» Entries provided:
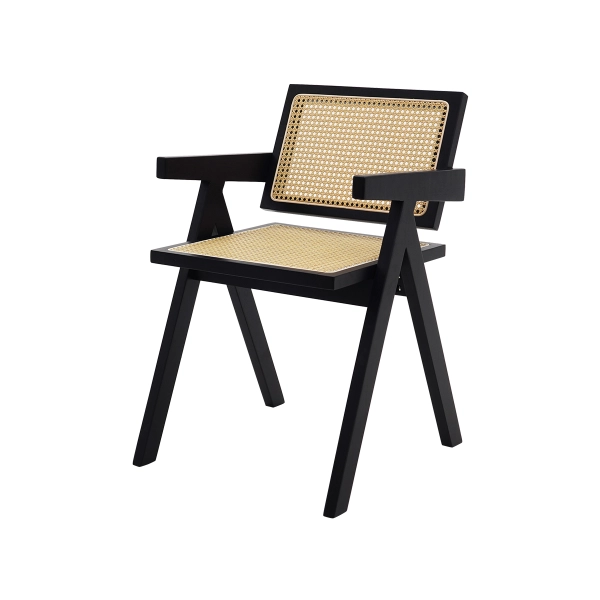 Kit 2 Cadeiras Com Assento Encosto Rattan Base Madeira Preta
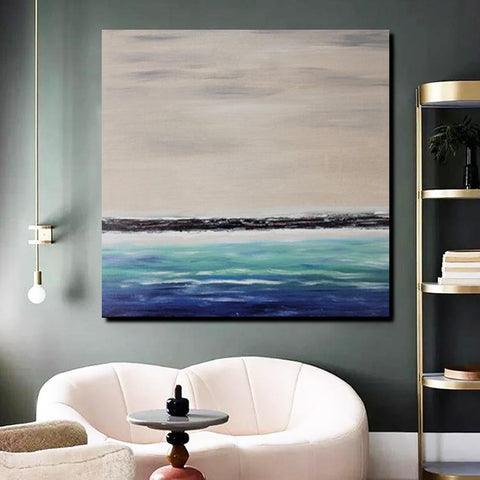 Living Room Wall Art Painting, Original Landscape Paintings, Large Paintings for Sale, Simple Abstract Paintings, Seascape Acrylic Paintings-LargePaintingArt.com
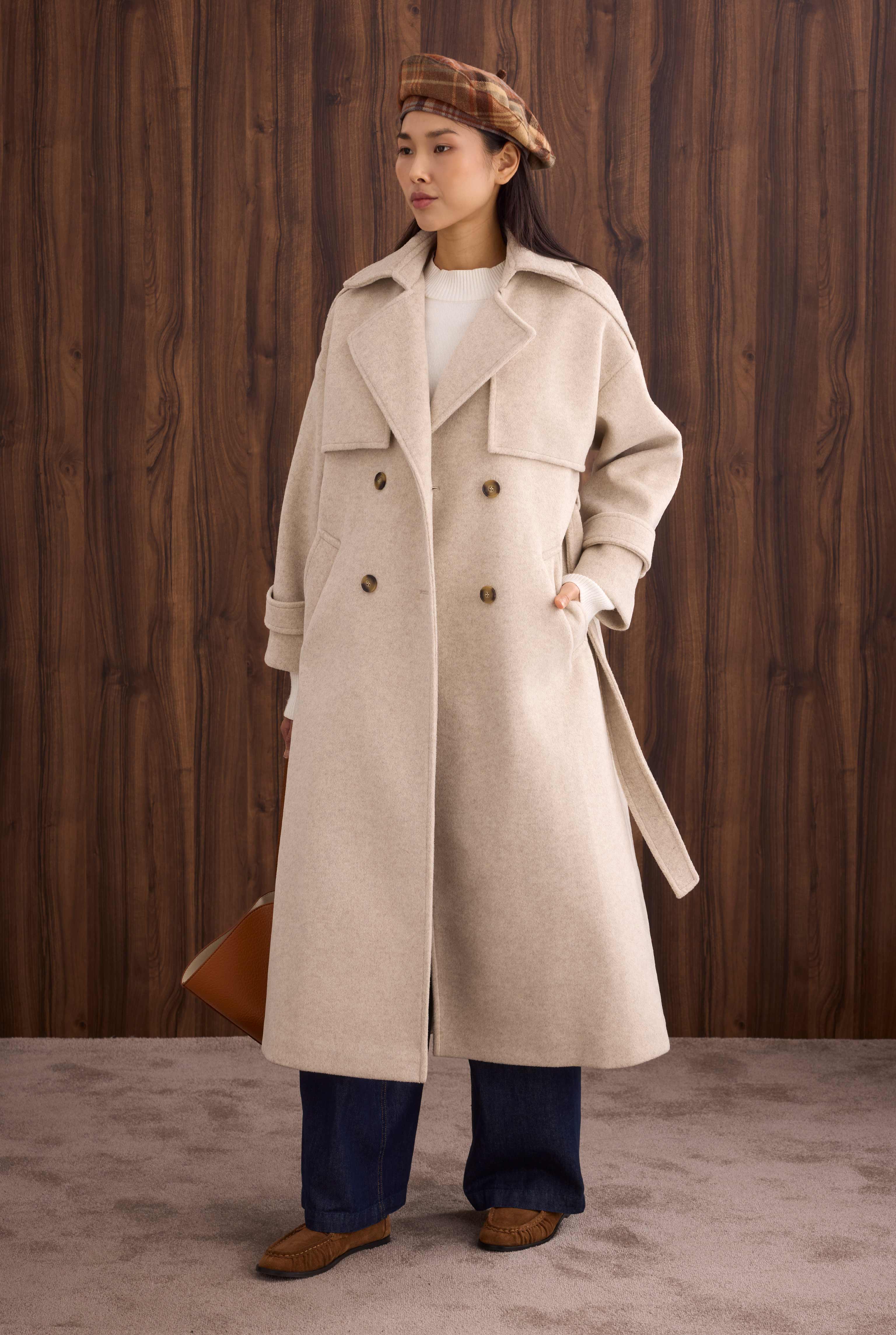 Apron Detailed Long Coat Beige - 4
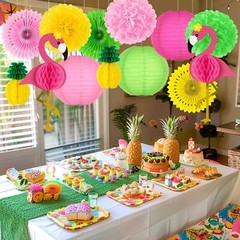 13PCS Hawaiian Party Decorations, Luau Party Decorations, Flamingo and Pineap…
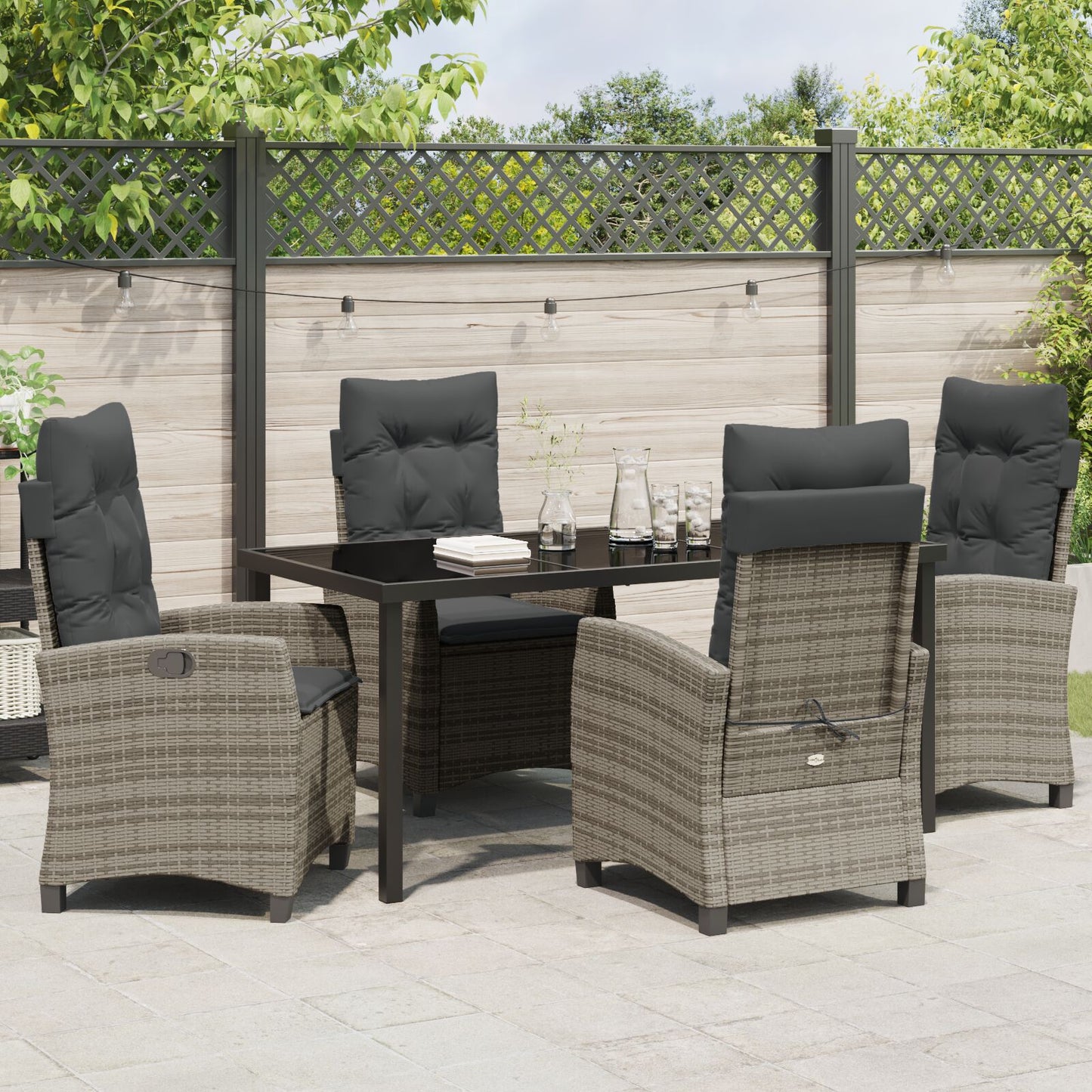 5 Delige Tuinset Met Kussens Grijs Poly Rattan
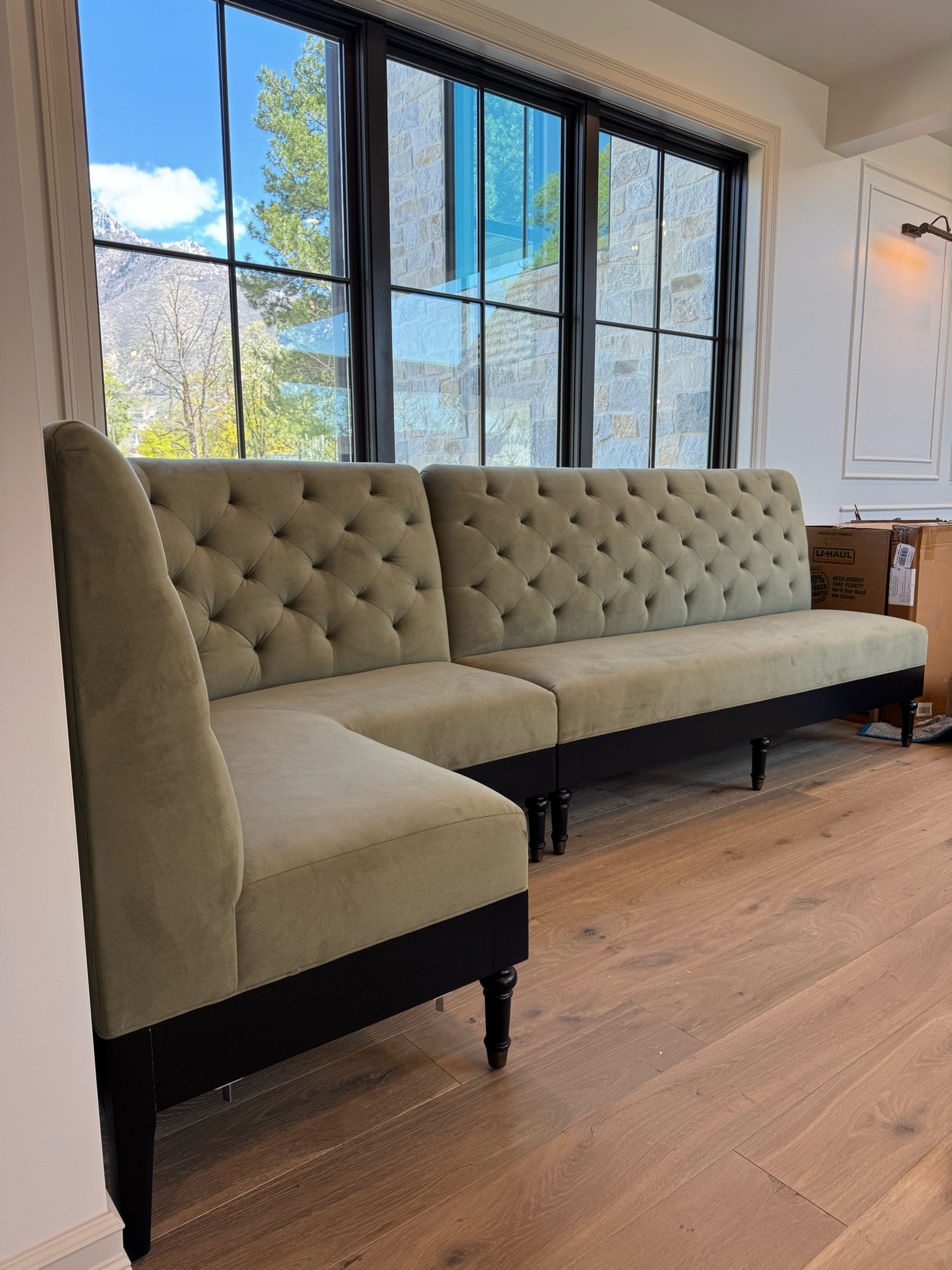 I’ve always wanted a banquette! 🥰. This one fits in so well with the turned legs and the tufted back.  This is the Olive Velvet fabric with black legs

Dining furniture, pottery barn, 

#LTKHome #LTKStyleTip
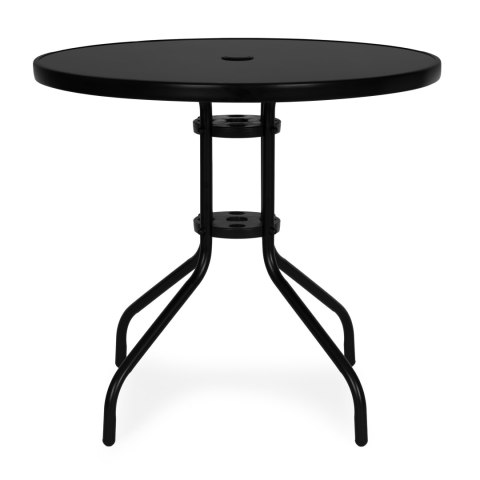 Stolik ogrodowy okrągły 80 cm szkło hartowane otwór na parasol czarny MultiGarden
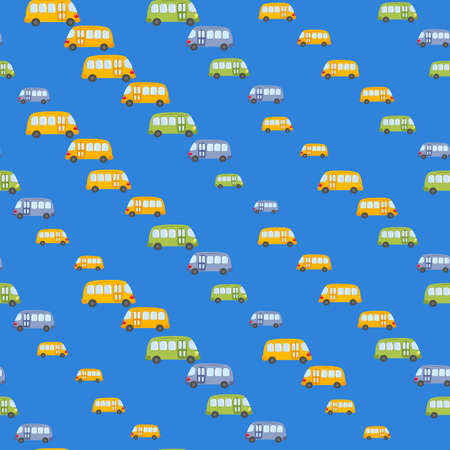 Seamless pattern with cute bus, car on color background. Cartoon transport. Vector illustration. Doodle style. Design for baby print, invitation, poster, card, fabric, textileのイラスト素材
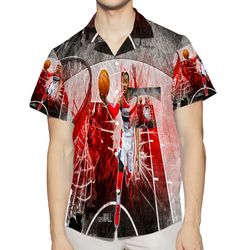 washington wizards john wall3 3d all over print summer beach hawaiian shirt with pocket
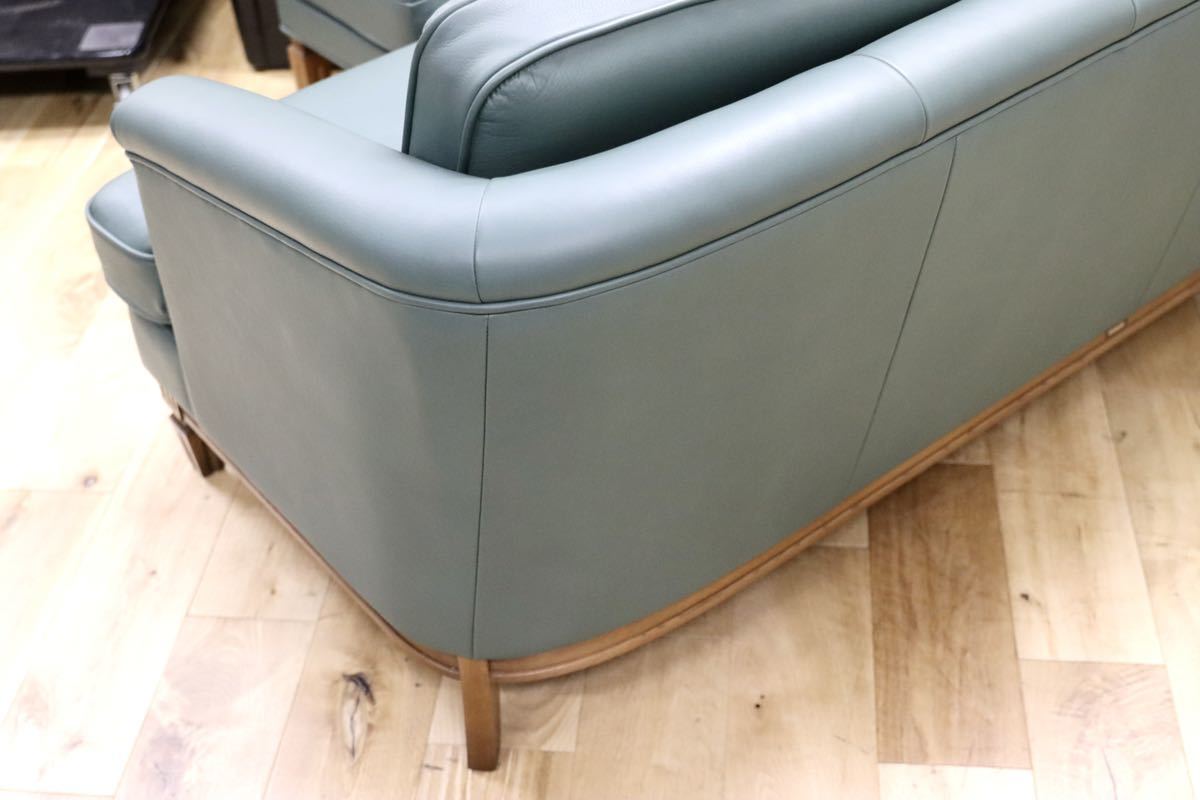 GMFT103B○domani / ドマーニ QUEENSLIFE クイーンズライフ 3人掛けソファ トリプルソファ オットマン 緑色 総革 定価約50万 展示品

» Problem: Omit each picture, then return all of the listing exactly as it stands.

» The completed task:
 Kit 2 Cadeiras Com Assento Encosto Rattan Base Madeira Preta
 Living Room Wall Art Painting, Original Landscape Paintings, Large Paintings for Sale, Simple Abstract Paintings, Seascape Acrylic Paintings-LargePaintingArt.com
 Apron Detailed Long Coat Beige - 4
 13PCS Hawaiian Party Decorations, Luau Party Decorations, Flamingo and Pineap…
 5 Delige Tuinset Met Kussens Grijs Poly Rattan
 I’ve always wanted a banquette! 🥰. This one fits in so well with the turned legs and the tufted back.  This is the Olive Velvet fabric with black legs

Dining furniture, pottery barn, 

#LTKHome #LTKStyleTip
 Stolik ogrodowy okrągły 80 cm szkło hartowane otwór na parasol czarny MultiGarden
 Seamless pattern with cute bus, car on color background. Cartoon transport. Vector illustration. Doodle style. Design for baby print, invitation, poster, card, fabric, textileのイラスト素材
 washington wizards john wall3 3d all over print summer beach hawaiian shirt with pocket
 GMFT103B○domani / ドマーニ QUEENSLIFE クイーンズライフ 3人掛けソファ トリプルソファ オットマン 緑色 総革 定価約50万 展示品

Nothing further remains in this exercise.